Surely the creators of the rocker were not aware of just how good the chair may have been for the body. Just who conceived the idea of a rocking chair is unknown. Benjamin Franklin often is credited with inventing the rocker, but its origins more likely are European.

“The rocker probably was adapted from a baby’s cradle,” Steinbaum said. The first designs, sometime in the 18th century, were crude. Clumsy skates, or rockers, were simply tacked to the chair legs.

Historic examples of rockers made in New England are similar.

But Steinbaum says it really doesn’t matter that we can’t claim the rocker’s invention.

“Americans have adopted the rocker as we have patchwork quilts and pizza pie,” Steinbaum says.

Indeed, even one of the most classic images, one that many American furniture companies still manufacture, is the bentwood rocker.

Designed in 1860 by Michael Thonet, a German cabinetmaker living in Vienna, the rocker’s form was innovative, crafted from steamshaped wood, which allowed arms to arc from the oval rattan back and join another deeply curved frame that continues seamlessly into the bottom skate. Further distinguishing the sides was a decorative scroll, which gives the piece elegance.

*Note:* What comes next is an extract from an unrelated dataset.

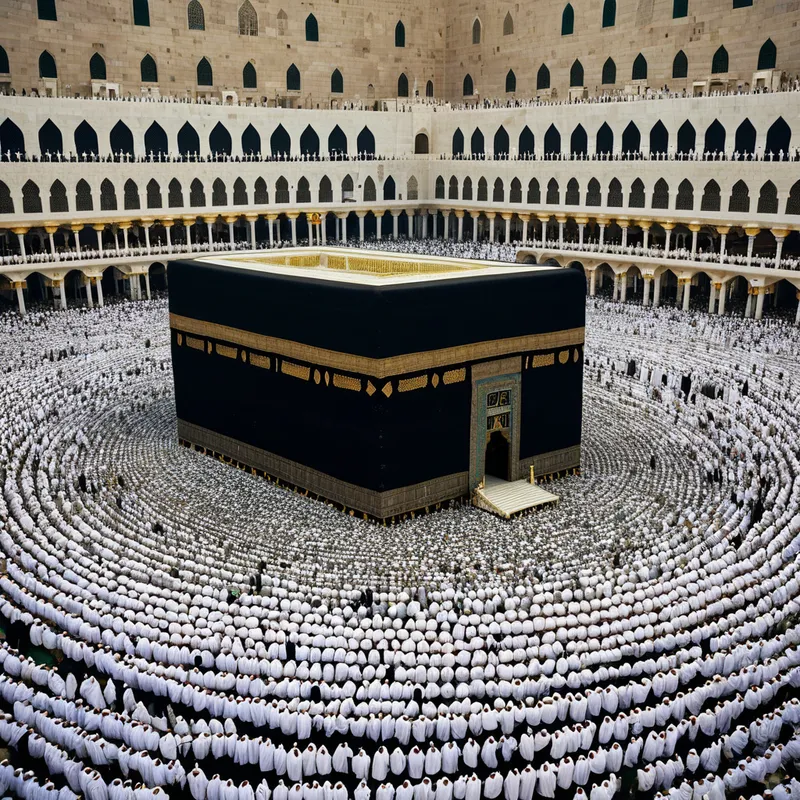The Black Stone of Mecca Myth Meaning & Symbolism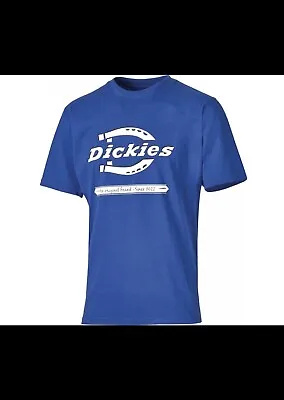 Buy Dickies T- Shirt  Royal Blue XXL • 13£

The Bentwood Model 2825, manufactured by Thonet Industries, measures 43 inches high by 23 inches wide by 40 inches deep, with a 17-inch-square seat.

Depending on the finish, the rocker today can be at home in casual or formal surroundings. An all-black bentwood rocker in stark white contemporary architecture punctuates the furniture’s sculptural features.

You may be lucky enough to own a rocker that has been in your family for generations. If you don’t, try antiques stores and flea markets for vintage examples.

But you might find more options, and shopping will be easier, if you buy a new one. There are many styles from which to choose, from Victorian to Appalachian, from Western to Windsor, in a price suited to your pocketbook.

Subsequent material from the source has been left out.